Anfütterungsgebot Chicoree, was geht?

Auch schon für das Wort des Jahres abgestimmt? Bis 3. Dezember ist noch – fast- alles offen, aber ich sag´s gleich, Rettungsgasse liegt ganz weit vorn, naja. So ein Wort des Jahres hat´s ja nicht leicht, einmal geboren, meist teuer geprägt, dann stark strapaziert, oft wiedergekaut und schließlich ausgespuckt. Dann ist es da, das Wort des Jahres. Drum ist Rettungsgasse sich kein schlechter Vorschlag, zuerst mega Kampagne und Erklärungen, ab wann ein Stau ein Stau ist und am Ende hat´s wieder keiner kapiert, wer fahrt nach links, wer fahrt nach rechts, Rettungsgasse, haben das andere Länder schon ausprobiert und warum nicht?, das Wort drängt sich dem Alltagssprachgebraucht auf und wird auch gerne zweckentfremdet und am Schluss wünsch man sich einen Pannenstreifen für die Rettungsgasse. So sind sie die Worte des Jahres, wie auch schon Fremdschämen (2010), Lebensmensch (2008) oder Teuro (2002). Neben Wort des Jahres wird auch Unwort des Jahres, Satz des Jahres und Jugendwort des Jahres vom Institut bestimmt. Das Institut teilt das in eine 3 Kategorien Sprachgesellschaft und ordnet Kabinenparty (Jugendwort 2010, der Sänger Skero ist gute Mitte 40), liken (Jugendwort 2011, dachte Facebook ist nur mehr was für Oldies) und leider geil (eine Abwandlung der Kaufhaus Werbung und dann erst Deichkind) dem Jugendsprachschatz zu. Lieblingsjugendwortvorschlag für heuer: entfrienden (auch ein Facebook-Wort). Ich ergänze mit was geht? und weiter, in der Kategorie Unwort Anfütterungsverbot, ich ergänze mit Anfütterungsgebot und zwar mit meinem Chicoree, was geht?

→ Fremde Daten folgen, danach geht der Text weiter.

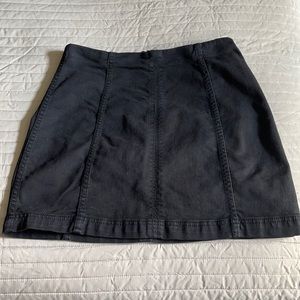 Free people black denim fitted skirt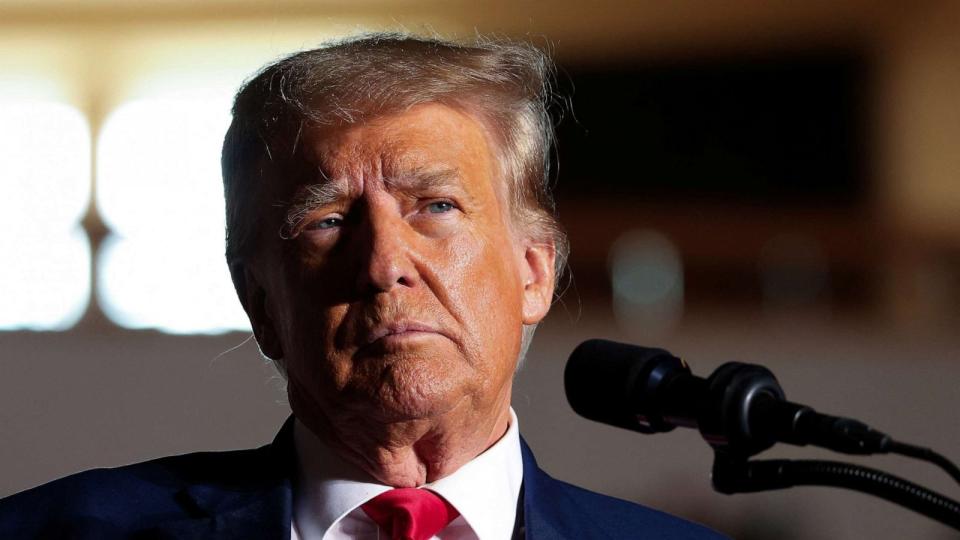 PHOTO: Former President and Republican presidential candidate Donald Trump reacts as he holds a campaign rally in Erie, Pa., on July 29, 2023. (Lindsay Dedario/Reuters)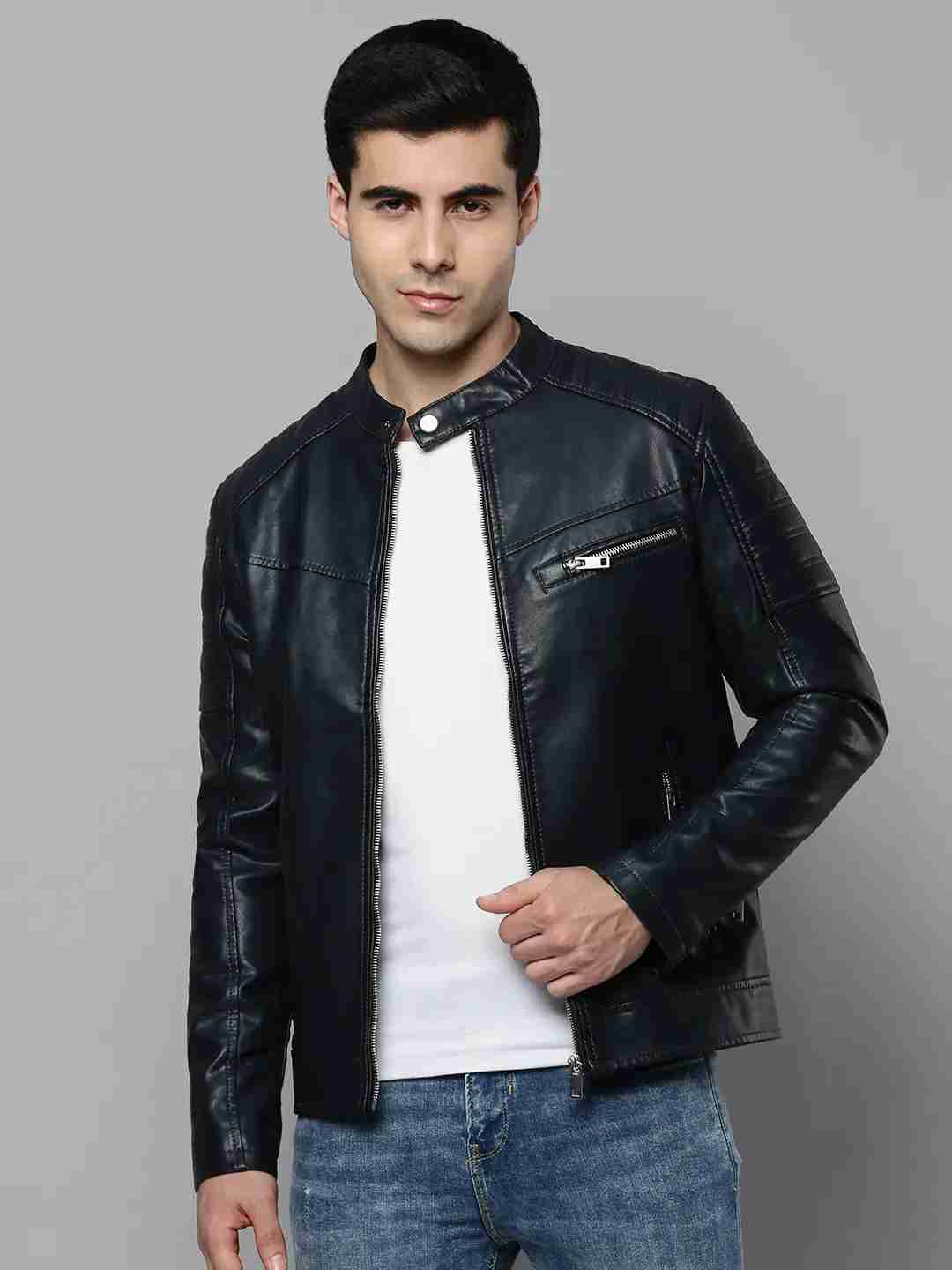 Leather jacket sale chinese collar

Mini Chicoree halbieren, pfeffern, und und in Prosciutto wickeln, mit gehackten Knoblauch und Brösel bestreuen und langsam in einer Pfanne auf allen Seiten knusprig braten.
Zur Abstimmung (noch bis 3. Dezember)
Wort des Jahres in den letzten Jahren
Heute vor einem Jahr: Krautfleckerlalarm

Schweinslungenbraten, Darling! ich bin im Kino.

Also ich mag Kostümfilme, Filme mit Schiffen und Booten, Filme in denen Luftmatrazen im Pool ganz langsam aus dem Bild treiben und Filme die ganze Leben erzählen, Filme mit Frauennamen im Titel und Filme mit sozialen Gerechtigkeiten. Dokumentarfilme und Filme mit schöner Filmmusik. Und Österreichische und Deutsche Filme. Ich mag keine Actionfilme, keine Krimis, Filme mit Autos oder Fiction, Filme mit Indianern, Tieren oder U-Booten. Bitte auch keine Filme mit Shoppen, Brautkleid und Schuhen oder Kathrin Heigl. Warum und weil: vor mir liegt das Viennale Programm (Vienna Intertanational Film Festival von 25.10-7.11), und wenn du jetzt nicht Cineast in dem Sinn,  dann also deinen selbstgestrickten Genre-Filter über das Programm legen und das schaut so aus: Augustine im Künstlerhaus, Diamantenfieber im Gartenbau und Starlet im Stadtkino. Zur Filmauswahl gibt es Schweinslungenbraten in Prosciutto gewickelt und kleinen schwarzen Linsen. Hat jemand eine bessere Idee?

1 sauberer trockener Schweinslungenbraten gepfeffert in Prosciutto gewickelt, in Olivenöl langsam rundherum anbraten, mind. 15 min. Kleine schwarze Linsen (Beluga, etc. gibt es von Kresto aufwärts) kurz, das heißt auch nicht länger als 20 min in Salzwasser kochen, abseihen, mit Petersilie und Korianderblättern mischen, ausgerasteten Schweinslungenbraten in Gärung schneiden und auf die Linsen legen. Saft drauf, Schweinslungenbraten, Darling! Ich bin im Kino.